◆ Supplied entries
"""
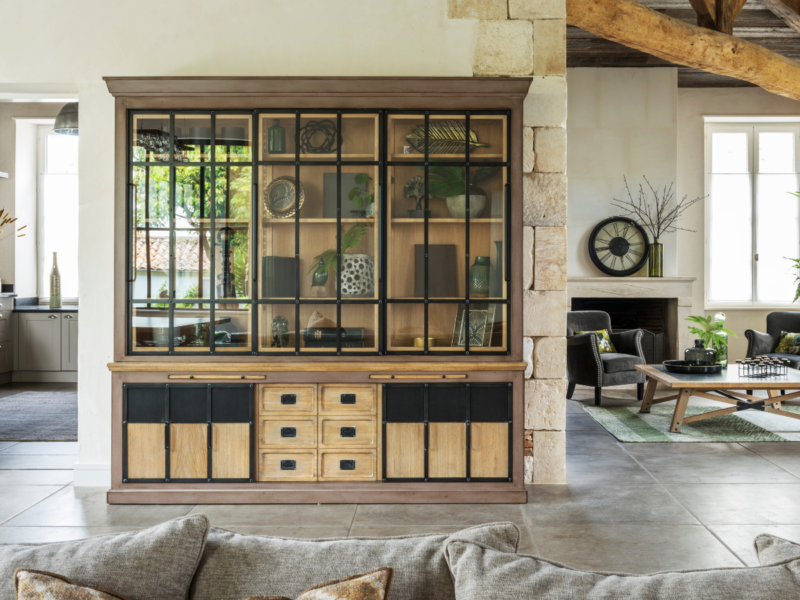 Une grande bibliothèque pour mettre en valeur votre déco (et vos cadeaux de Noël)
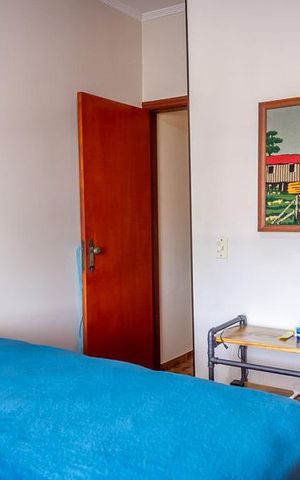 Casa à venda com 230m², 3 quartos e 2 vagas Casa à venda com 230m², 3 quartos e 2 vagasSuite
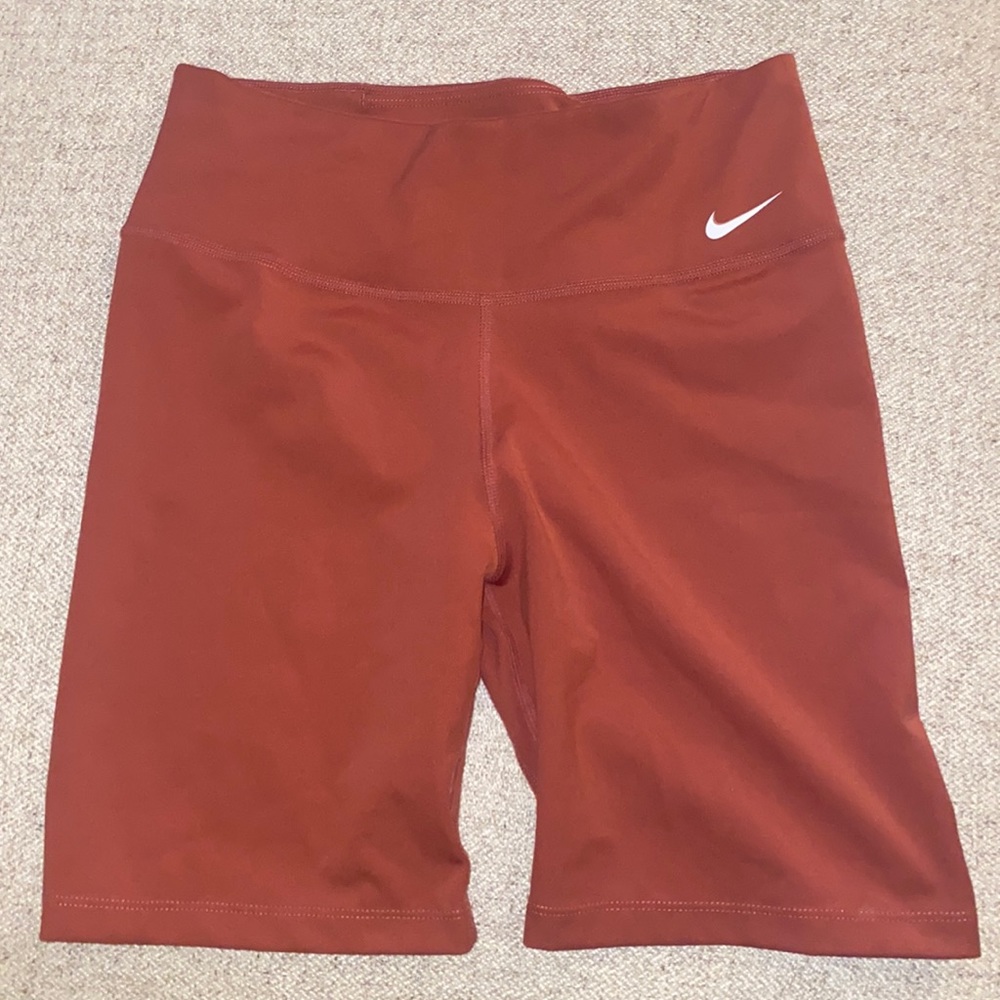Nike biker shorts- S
"""
"""
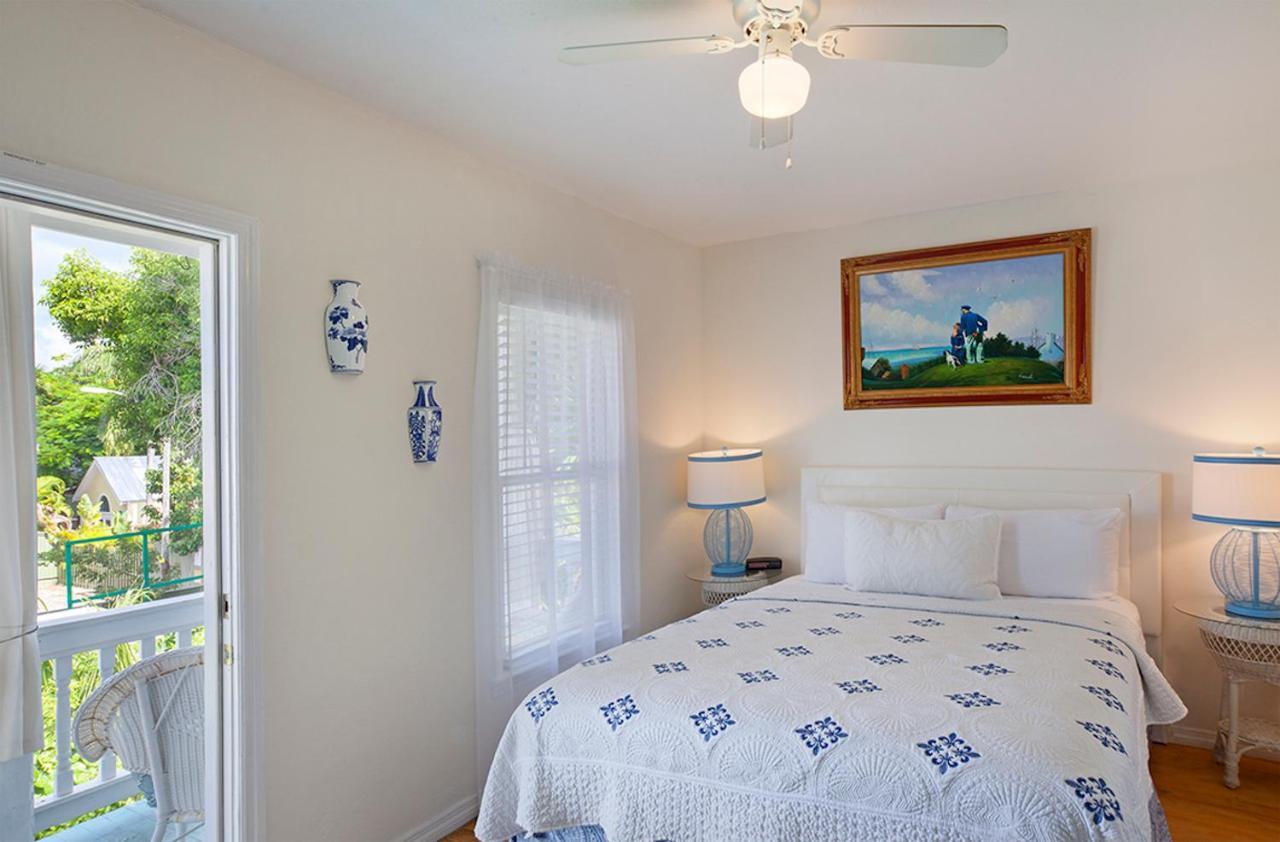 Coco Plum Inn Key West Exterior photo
"""
◆ Task prompt
Write out word for word the lines above that run from the one with "Casa à venda com 230m², 3 quartos e 2 vagas Casa" to the one with "Nike biker shorts- S". Include both end lines; exclude the images.

◆ Completed task
 Casa à venda com 230m², 3 quartos e 2 vagas Casa à venda com 230m², 3 quartos e 2 vagasSuite
Nike biker shorts- S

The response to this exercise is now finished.